TASK DIRECTIONS:
Print, word for word, the line containing "Maillot manches longues" and all lines beneath it to the end of the entries below. Pictures do not belong in the copy.

DATASET EXTRACT:
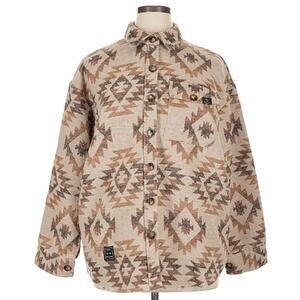 Modest Maverick Surfside Aztec Print Jacket Soft Wool Blend Shacket Sz: XL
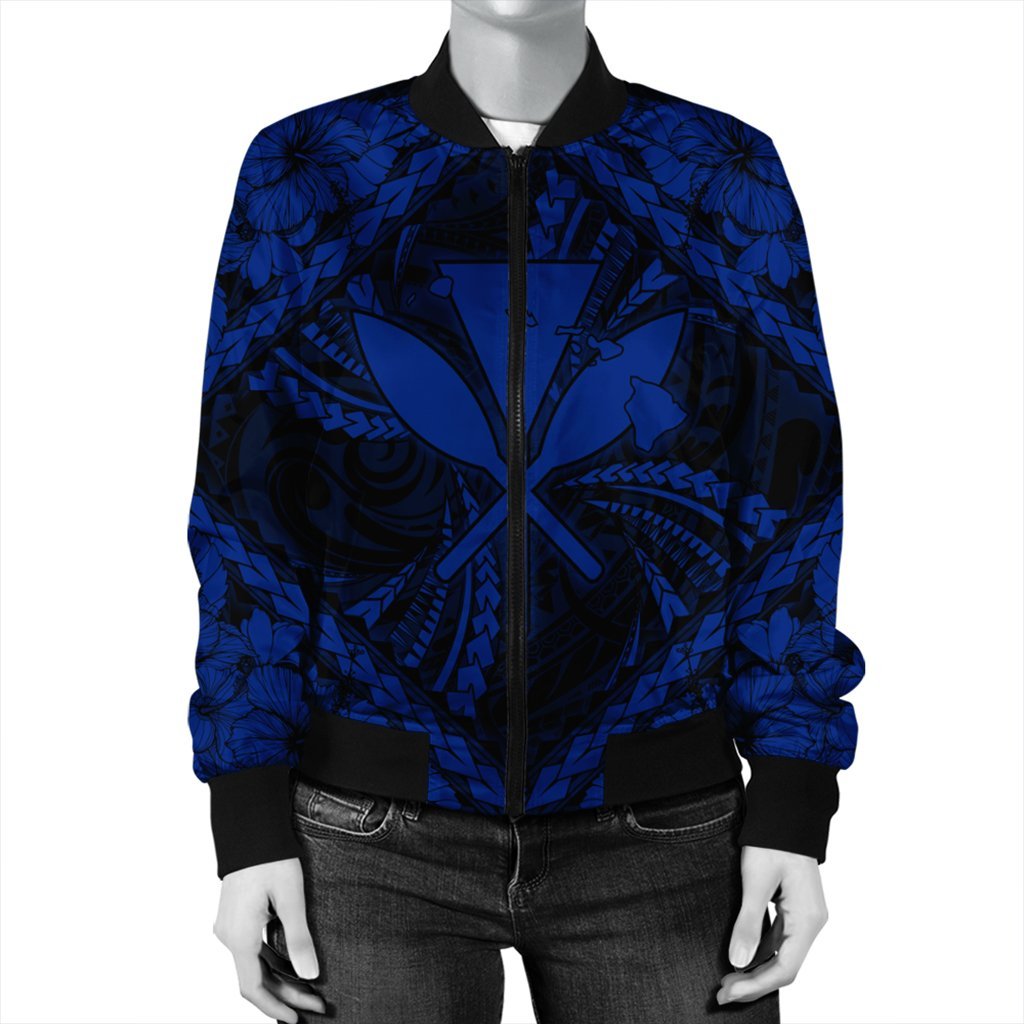 Hawaiian Map Kanaka Hibiscus Blue Polynesian Bomber Jacket - AH - Polynesian Pride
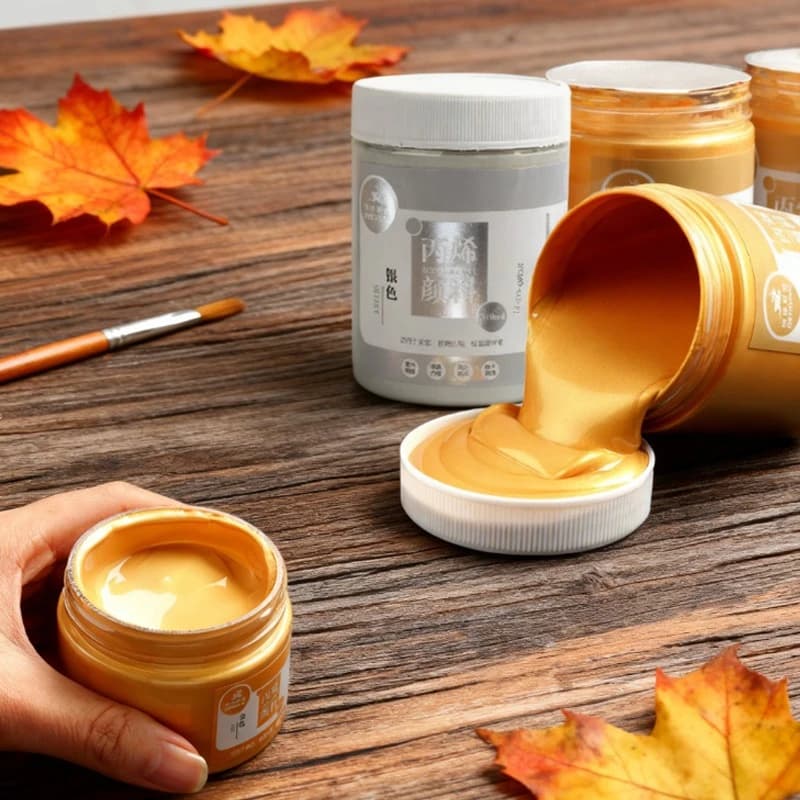 100/300/500ml Gold Silver Acrylic Paint Waterproof Non-fading Strong Coverage for Painting Graffiti DIY Handicrafts Decoration
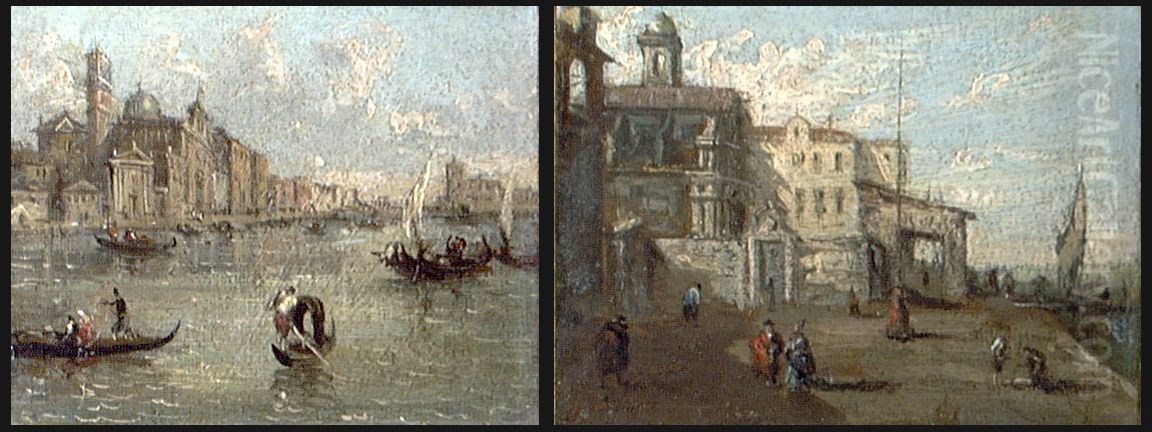 Two Venetian Canal Scenes Oil Painting by Francesco Guardi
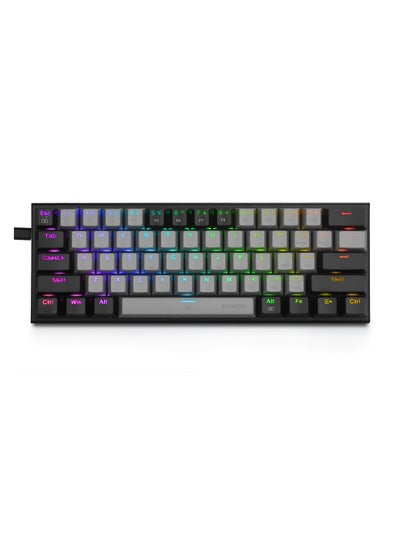 Buy Z-11 RGB Backlit Wired Mechanical Gaming Keyboard, Red Switches, Compact 61 Key Keyboard for Windows Mac OS Gray Black in UAE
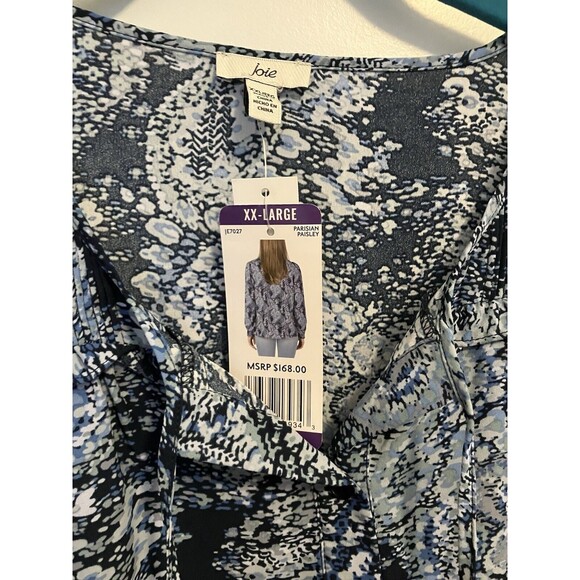 NWT Joie Long Sleeve Blouse Size XXL Women Blue Floral Peasant Top string tie - Picture 2 of 4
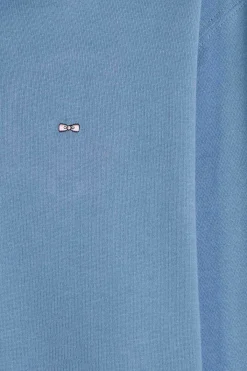 Maillot manches longues en coton Pima bleu coupe Regular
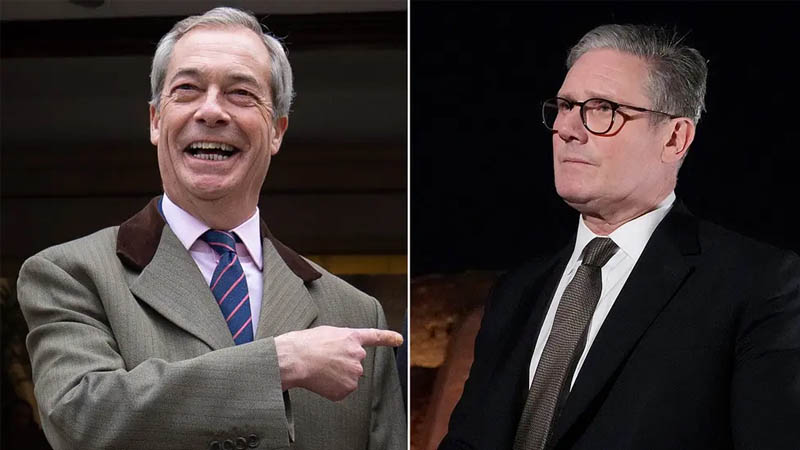 Nigel Farage and Keir Starmer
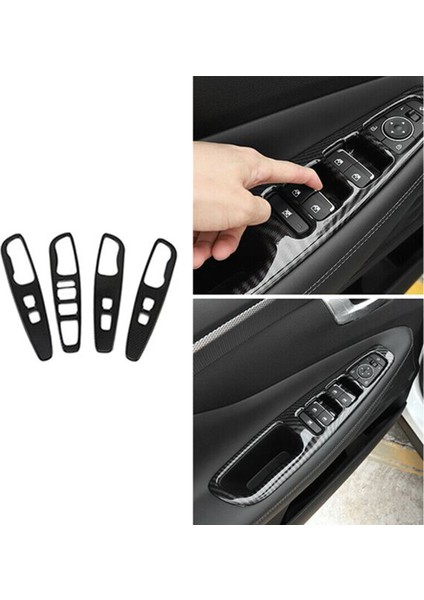Karbon Fiber Cam Kaldırma Anahtarı Düğme Kapağı Trimler Kapı Kol Dayama Paneli Çerçeve-Hyundai Santa Fe 2019-2021 (Yurt Dışından) fırsatları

RESULT FOR THIS TASK:
 Maillot manches longues en coton Pima bleu coupe Regular
 Nigel Farage and Keir Starmer
Karbon Fiber Cam Kaldırma Anahtarı Düğme Kapağı Trimler Kapı Kol Dayama Paneli Çerçeve-Hyundai Santa Fe 2019-2021 (Yurt Dışından) fırsatları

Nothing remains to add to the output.